---------- DATA TO EXAMINE ----------

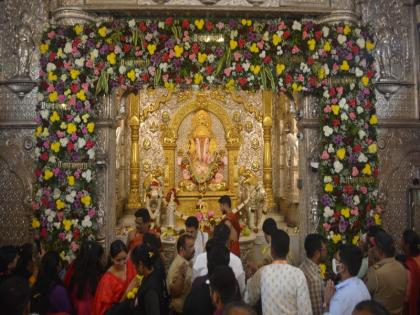 Ganapati Bappa Morya The premises of the Dagdusheth temple were filled with cheers traditional floral garlands on the occasion of Angaraki | गणपती बाप्पा मोरया...! जयघोषाने 'दगडूशेठ' मंदिराचा परिसर दुमदुमला, अंगारकीनिमित्त पारंपरिक पुष्पआरास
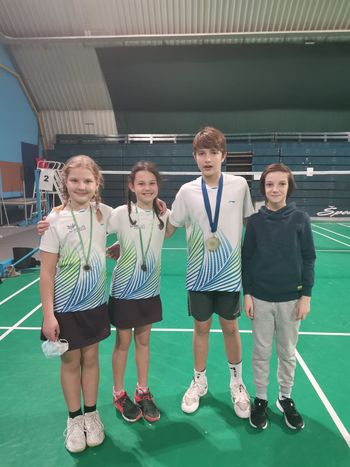 Mlajši člani BK Mengeš leto začeli z medaljami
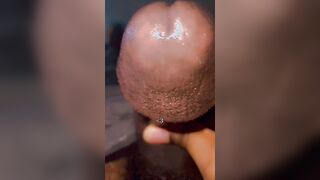 Blackbitch flash her hugeblack head meatpipe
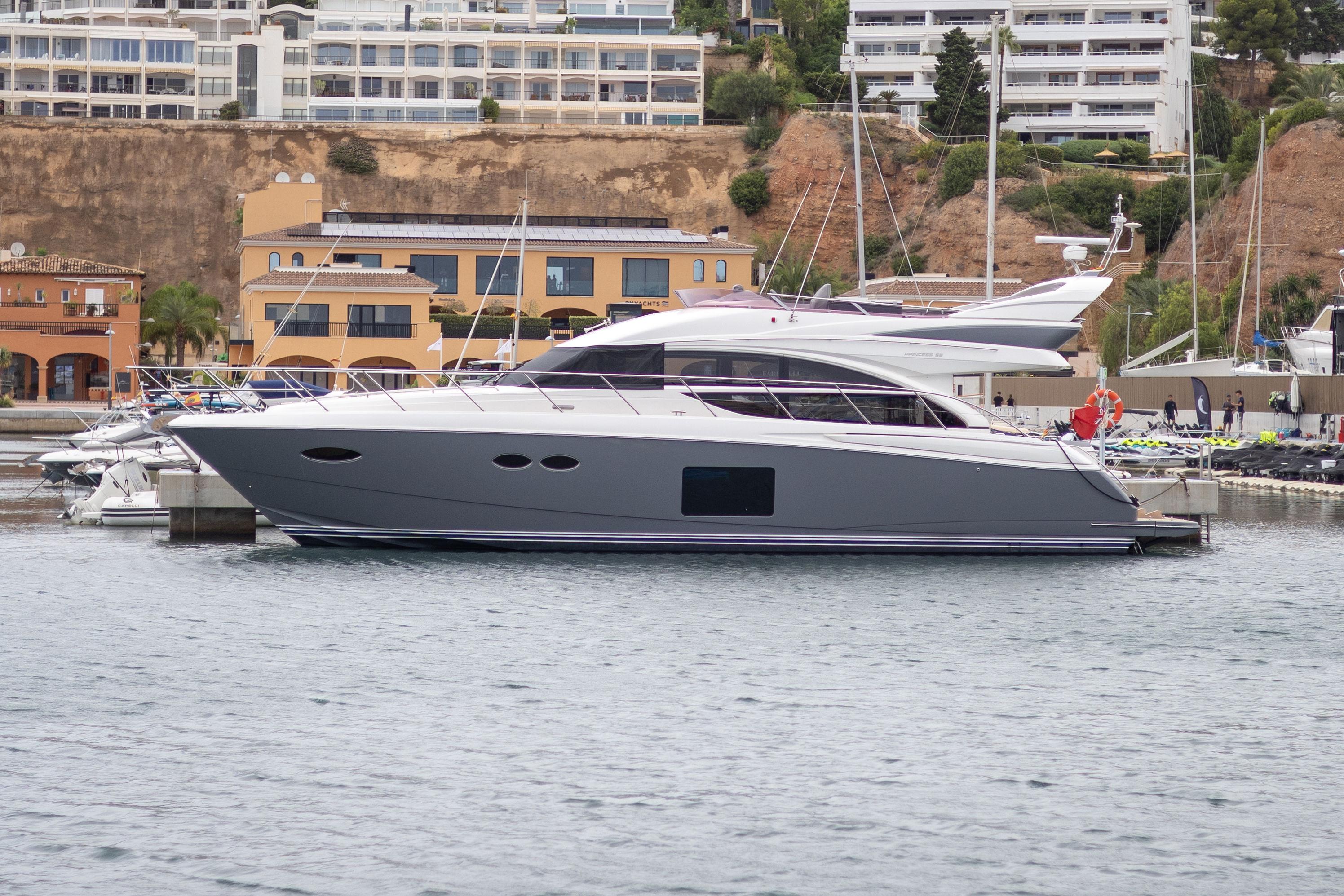 2014 Princess 56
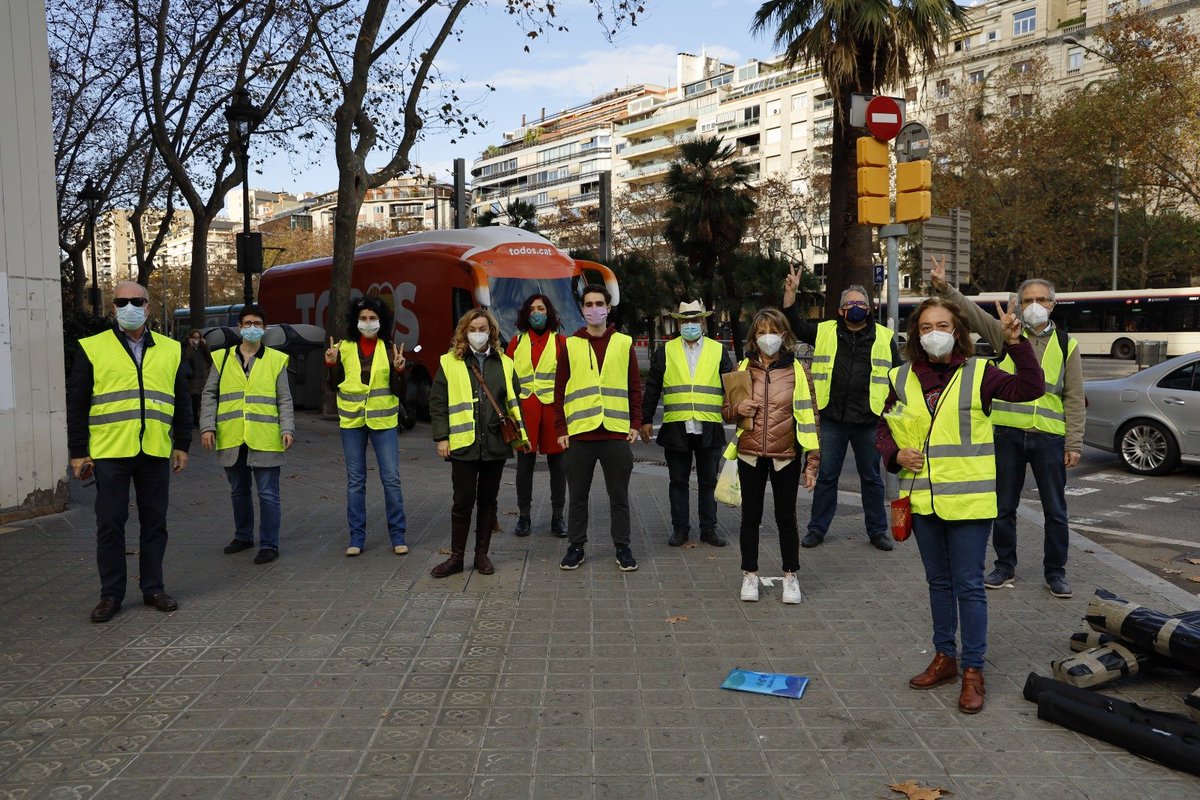 AEBCatalunya's tweet photo. El éxito de la manifestación por la #Enseñanza #TambiénEnESPAÑOL no habría sido posible sin la colaboración indispensable y desinteresada de nuestros voluntarios.

‼️GRACIAS A TODOS‼️ https://t.co/L8m6VhkZrX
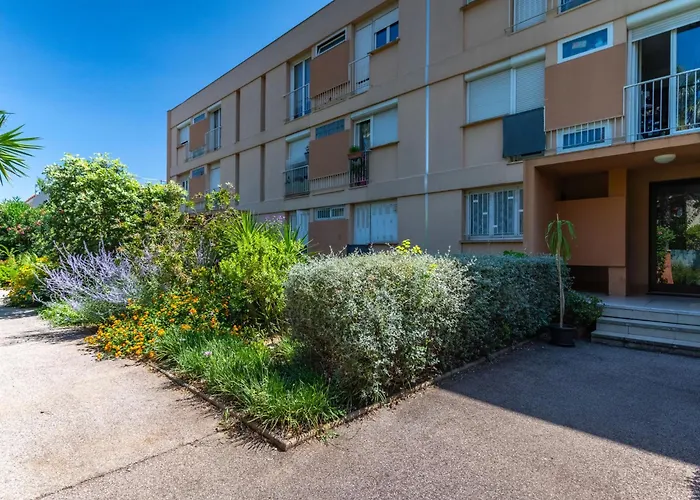 Les Ilaires By Interhome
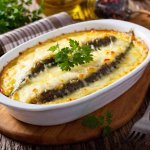 Запіканка з тріски з цибулею, селерою та вершками — так смачно вам ще ніколи не було!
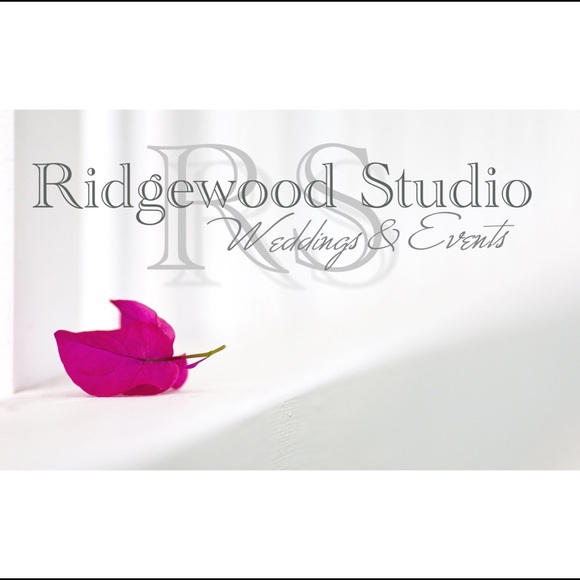 Meet your Posher, Miriam - Picture 2 of 2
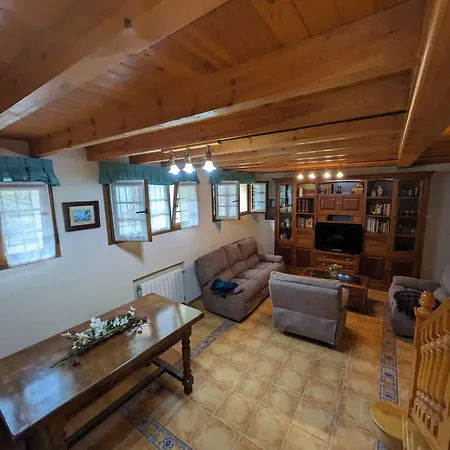 Casa Luisa Biedes, Pilona 인피스토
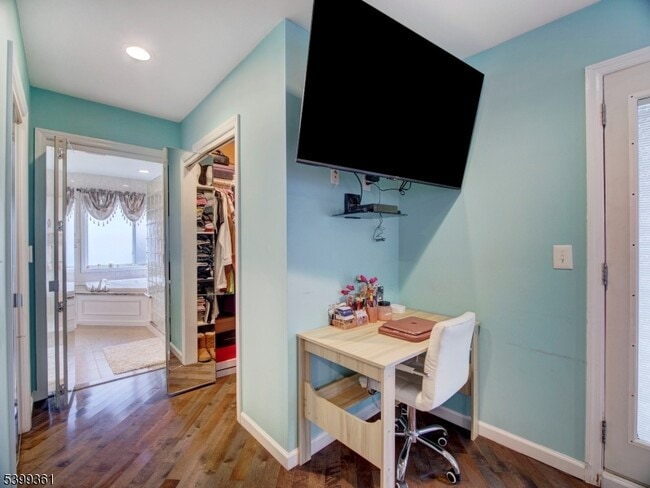 Building Photo - 2 Papakating Rd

----------

### YOUR TASK
Please return exactly the lines above, from where the listing starts to the line holding "Les Ilaires By Interhome", inclusive, with the pictures omitted.

### ANSWER TO THE EXERCISE
 Ganapati Bappa Morya The premises of the Dagdusheth temple were filled with cheers traditional floral garlands on the occasion of Angaraki | गणपती बाप्पा मोरया...! जयघोषाने 'दगडूशेठ' मंदिराचा परिसर दुमदुमला, अंगारकीनिमित्त पारंपरिक पुष्पआरास
 Mlajši člani BK Mengeš leto začeli z medaljami
 Blackbitch flash her hugeblack head meatpipe
 2014 Princess 56
 AEBCatalunya's tweet photo. El éxito de la manifestación por la #Enseñanza #TambiénEnESPAÑOL no habría sido posible sin la colaboración indispensable y desinteresada de nuestros voluntarios.

‼️GRACIAS A TODOS‼️ https://t.co/L8m6VhkZrX
 Les Ilaires By Interhome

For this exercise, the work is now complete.